-- DATA TO EXAMINE --
◇ ◇ ◇ ◇
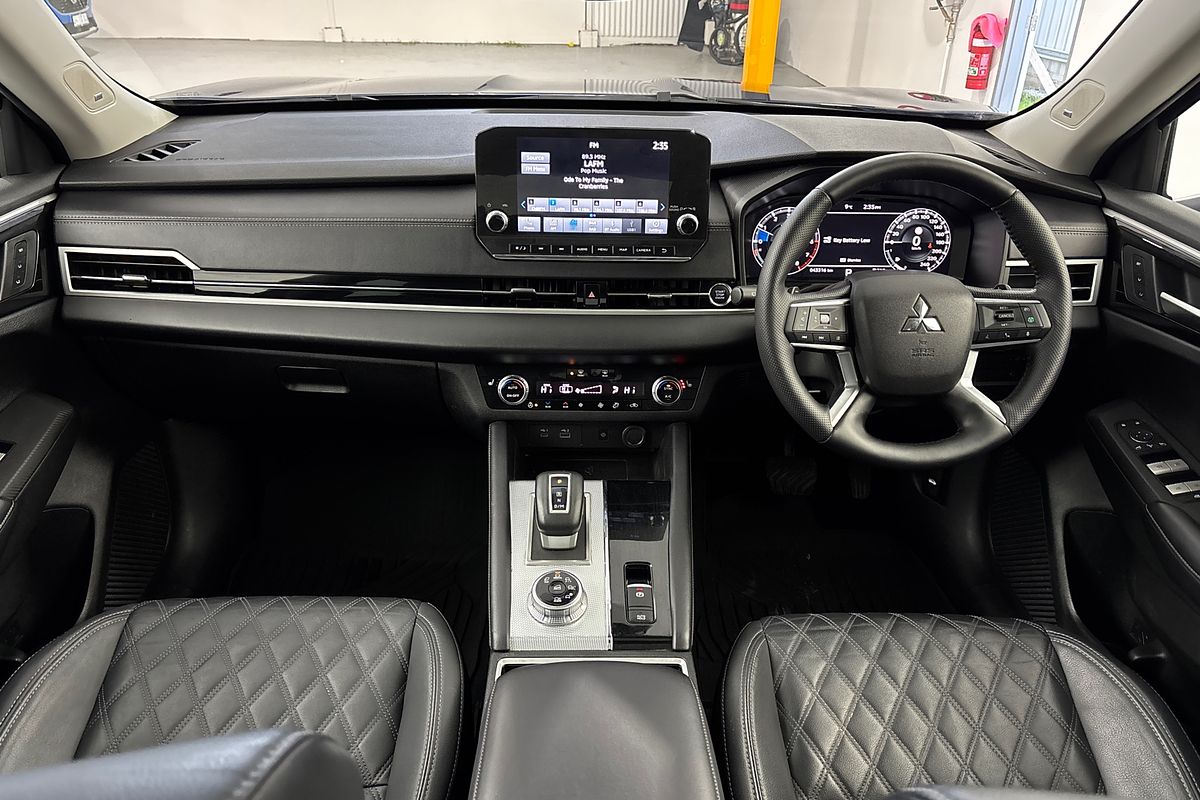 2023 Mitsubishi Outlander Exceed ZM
◇ ◇ ◇ ◇
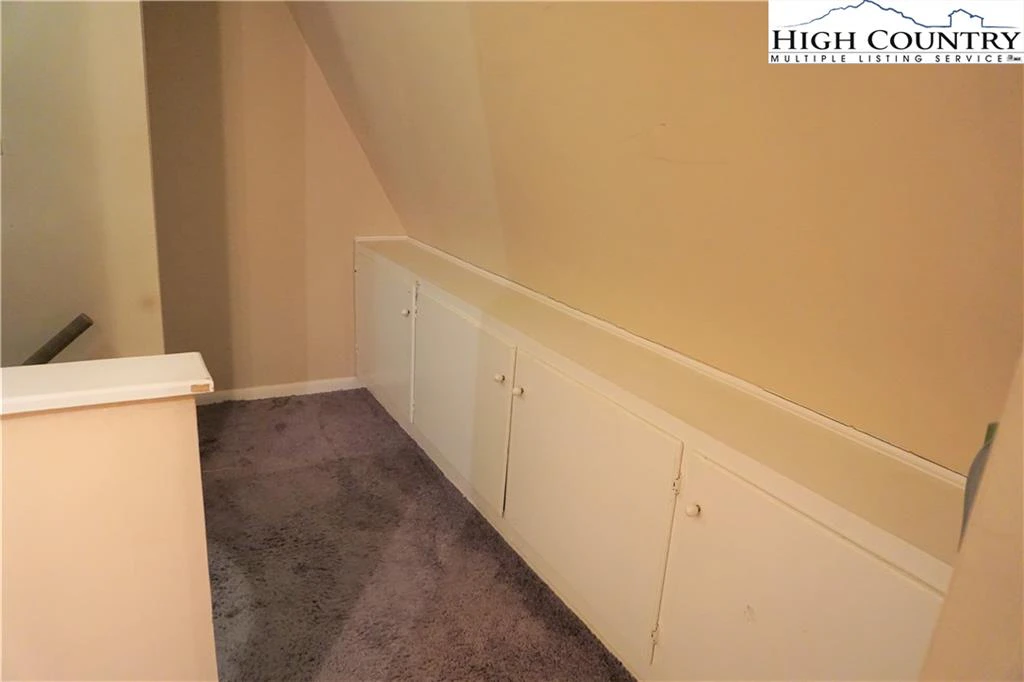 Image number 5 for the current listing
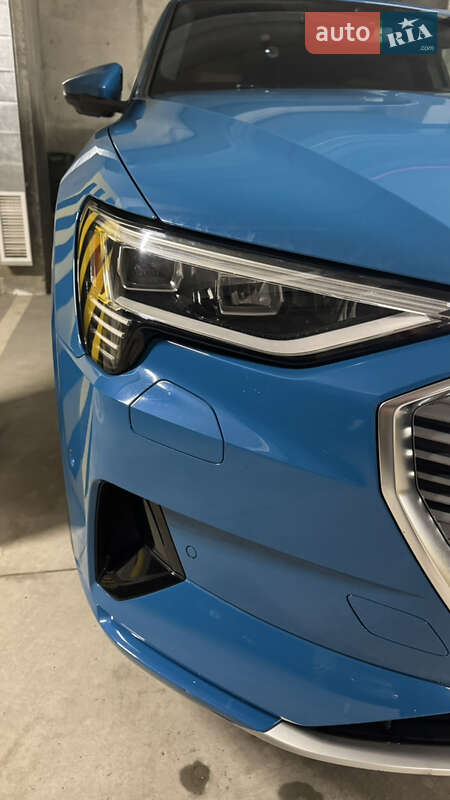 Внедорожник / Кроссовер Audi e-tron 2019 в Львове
◇ ◇ ◇ ◇
-- TASK TO CARRY OUT --
Precisely those lines above that run from the line with "Image number 5 for the current listing" up to and including the line with "Внедорожник / Кроссовер" are to be set down, with the pictures omitted.

-- SOLUTION TO THIS PROBLEM --
 Image number 5 for the current listing
 Внедорожник / Кроссовер Audi e-tron 2019 в Львове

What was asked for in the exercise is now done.